(ANSA) – ROMA, 19 OTT – La variante Omicron, identificata a
novembre del 2021 e diventata in pochi mesi dominante in tutto
il mondo, potrebbe avere avuto origine nei topi. È quanto
sostiene uno studio condotto da ricercatori dell’University of
Minnesota e pubblicato sulla rivista dell’Accademia nazionale
delle scienze statunitense (Pnas).
Omicron ha attirato fin da subito su di sé l’attenzione dei
ricercatori a causa dell’elevato numero di mutazioni (circa 50)

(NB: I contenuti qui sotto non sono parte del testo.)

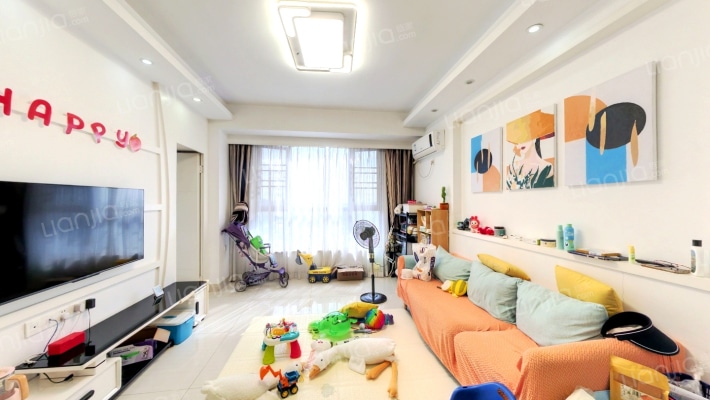 恒生碧水龙庭二手房实景图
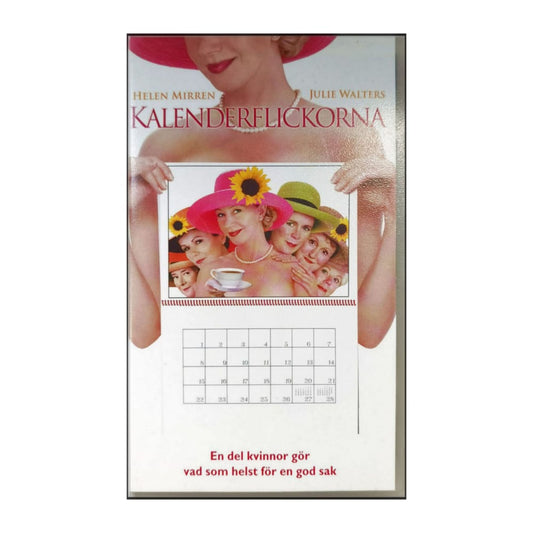 Calendar Girls | Kalenderflickorna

che caratterizza il suo genoma rispetto alle varianti
precedenti. Questa caratteristica le conferisce, tra le altre
cose, un’elevata contagiosità e capacità di evadere la risposta
immunitaria.
“Le ipotesi sull’origine di Omicron sono molte, ma le
evidenze sperimentali sono ancora scarse”, hanno commentato gli
autori della ricerca, che hanno cercato di ricostruire la
possibile origine della variante studiando la corrispondenza tra
la struttura di una porzione della proteina Spike di Omicron (il
cosiddetto receptor-binding domain o RBD) con quella dei
recettori ACE sia umani sia di topo. Le due componenti (quella
del virus e quella dell’ospite) agiscono come un meccanismo
chiave-serratura; studiarne la complementarietà “è tra i
migliori sistemi per capire l’evoluzione del coronavirus”,
scrivono i ricercatori.
Concentrandosi su quattro mutazioni tipiche di Omicron il
team ha scoperto che una di esse (N501Y) è il frutto
dell’adattamento alla struttura del recettore ACE sia umano sia
di topo. Le altre tre (Q493R, Q498R, Y505H) sono invece il
frutto dell’adattamento solo nel topo.
Per il team, sulla base di questi dati, l’ipotesi più
probabile sull’origine di Omicron è che “una variante di
SarsCov2 contenente la mutazione N501Y potrebbe essere stata
trasmessa da una specie umana (o da un’altra specie animale) ai
topi”. A quel punto, la nuova variante si è diffusa nei roditori
dove “si sono evolute mutazioni di RBM specifiche del topo (come
Q493R, Q498R e Y505N)”. Infine, dai topi, la variante è tornata
all’uomo, diventando in meno di un anno la responsabile della
quasi totalità dei casi di Covid-19 nel mondo. (ANSA).